4.5. Zoals uit het hiervoor in 4.2.2. overwogene reeds volgt, neemt de Raad op basis van de eerdergenoemde verklaringen van W. aan dat het aanbod inhield, dat de functie in eerste instantie op parttime basis zou worden vervuld. Gedaagdes standpunt, dat met het geplande vertrek van de zittende administrateur voor appellant tevens concreet uitzicht bestond op vervulling van een functie op fulltime basis per 1 augustus 2001 kan de Raad niet onderschrijven. Uit de verklaring van W. kan niet worden opgemaakt dat ten tijde van het functieaanbod concreet uitzicht op een full-time functie bestond en dat dit met appellant was besproken. Ook uit het verhandelde ter zitting is naar voren gekomen dat ten tijde van het functieaanbod (bij de aanbieder van de functie) niet méér bekend was dan dat het vertrek van de zittende administrateur zou leiden tot een herschikking van taken en functies en de mogelijkheid de voor appellant bedoelde functie daarin te betrekken. De Raad concludeert dan ook dat (het uitzicht op) fulltime vervulling van de functie een te onzekere factor was om daarop de verzuimde inkomsten als bedoeld in artikel 10:22, eerste lid, onder b, van de Verordening te kunnen baseren. De Raad moet derhalve vaststellen dat gedaagde bij de toepassing van het voorschrift van artikel 10:22, eerste lid, onder b, van de Verordening een onjuiste maatstaf heeft aangelegd.

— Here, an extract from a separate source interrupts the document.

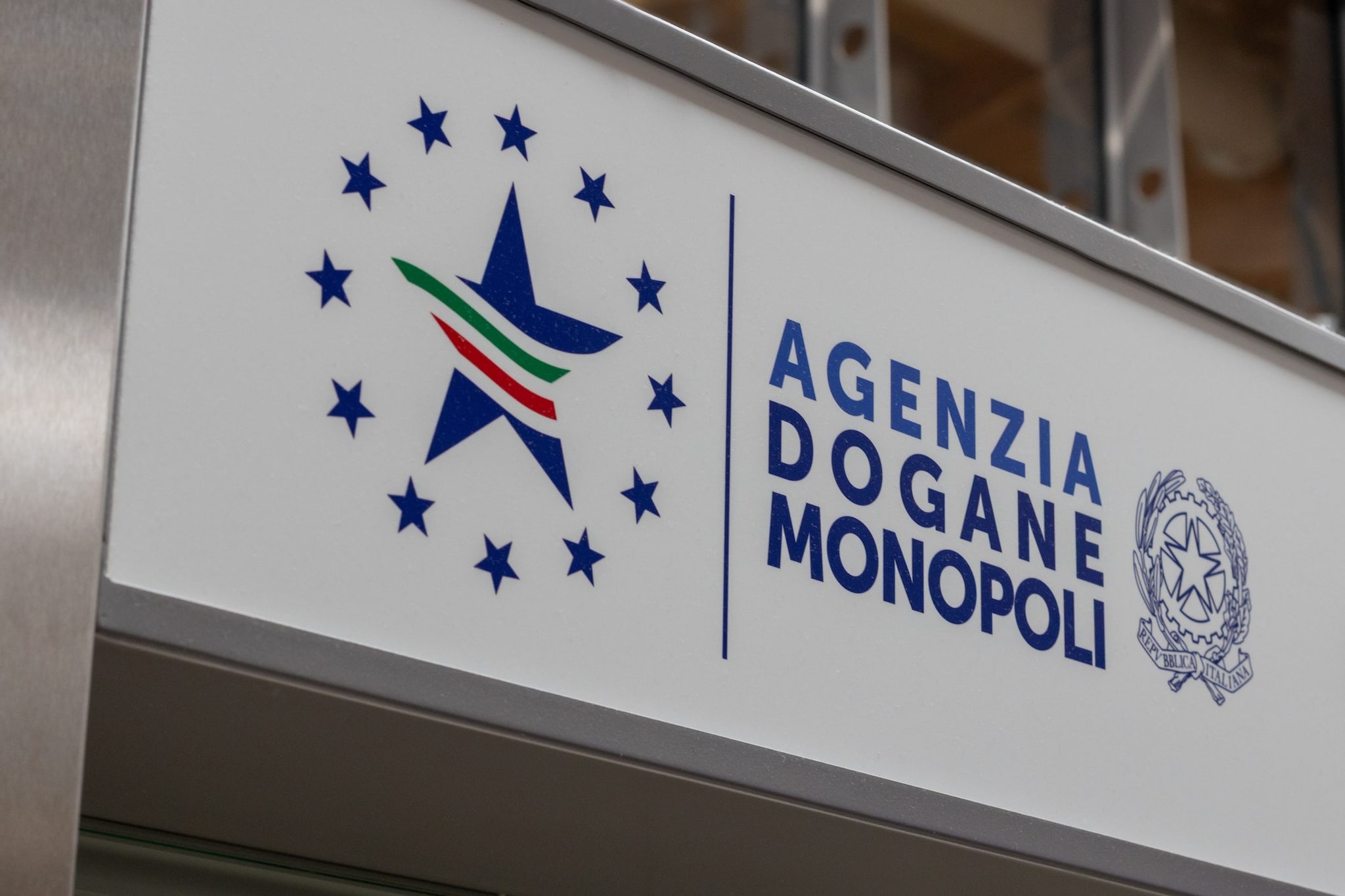 Concorsi Agenzia delle Dogane e Monopoli, oltre 1300 nuovi posti in arrivo: posti e profili ricercati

5.1. Het hier overwogene leidt tot de conclusie dat de rechtbank ten onrechte heeft overwogen dat gedaagde ter vaststelling van de verzuimde inkomsten op goede gronden is uitgegaan van een fulltime functie. In zoverre treft het hoger beroep van appellant doel. Dit heeft tot gevolg dat de in de aangevallen uitspraak gegeven opdracht aan gedaagde een nieuw besluit te nemen met inachtneming van het gestelde in die uitspraak dient te worden vernietigd.

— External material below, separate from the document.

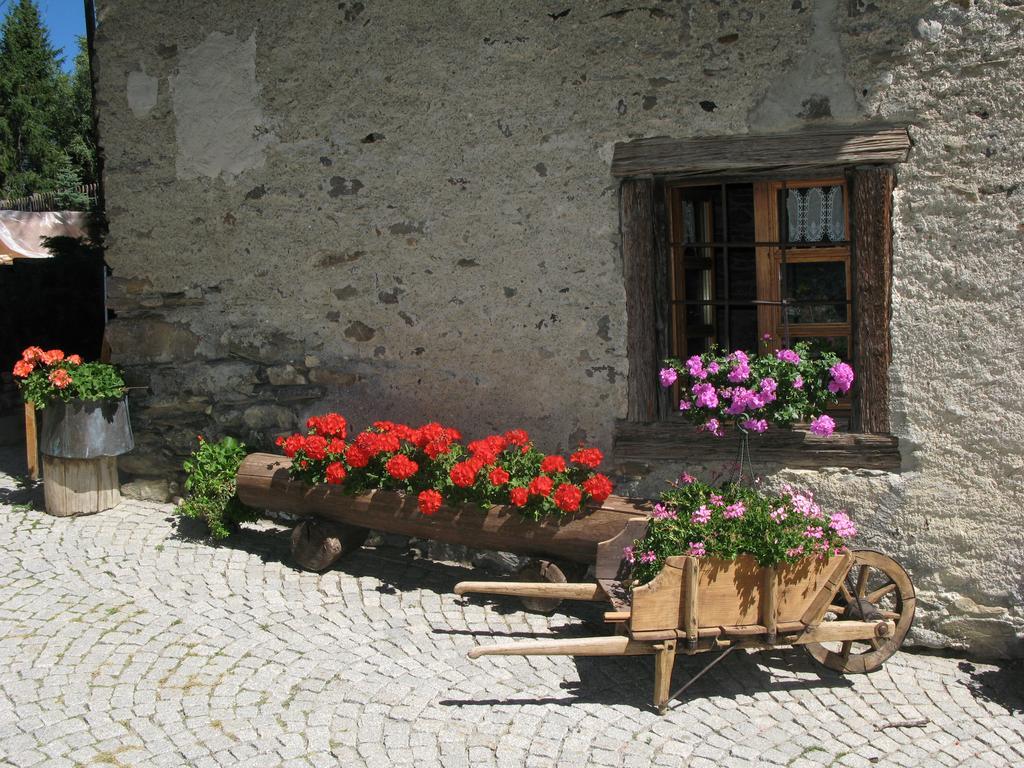 Agriturismo Barba Gust Cesana Torinese Exterior foto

De Raad zal bepalen dat gedaagde een nieuwe beslissing dient te nemen op appellants bezwaar met inachtneming van ’s Raads uitspraak. Daarbij merkt de Raad op voorhand op dat hij de vaststelling van de verzuimde inkomsten als bedoeld in artikel 10:22, eerste lid, onder b, van de Verordening op basis van het maximum van niveau d van de CAO Welzijn, gelet op appellants eerdere inschaling bij gedaagde, gerechtvaardigd acht.
5.2. Gezien hetgeen onder 5.1. is overwogen komt de grondslag aan het nadere besluit van gedaagde van 17 december 2002 te ontvallen, zodat dit besluit dient te worden vernietigd.
6. In het vorenstaande vindt de Raad aanleiding om gedaagde op grond van artikel 8:75 van de Awb te veroordelen in de proceskosten van appellant in hoger beroep tot een bedrag van € 644,-, aan kosten van rechtsbijstand.
De Centrale Raad van Beroep,
Vernietigt de aangevallen uitspraak voorzover het betreft de daarin aan gedaagde gegeven opdracht een nieuw besluit op bezwaar te nemen met inachtneming van hetgeen in die uitspraak is overwogen;
Bevestigt de aangevallen uitspraak voor het overige;
Vernietigt het besluit van 17 december 2002;
Bepaalt dat gedaagde een nieuw besluit op bezwaar neemt met inachtneming van hetgeen in de uitspraak van de Raad is overwogen;
Veroordeelt gedaagde in de proceskosten van appellant in hoger beroep tot een bedrag van € 644,-, te betalen door de gemeente Bergen (L.);
Bepaalt dat de gemeente Bergen (L.) aan appellant het door hem in hoger beroep betaalde griffierecht van € 82,- vergoedt.
Aldus gegeven door mr. J.C.F. Talman als voorzitter en mr. G.P.A.M. Garvelink-Jonkers en mr. K. Zeilemaker als leden, in tegenwoordigheid van mr. P.J.W. Loots als griffier, en uitgesproken in het openbaar op 28 oktober 2004.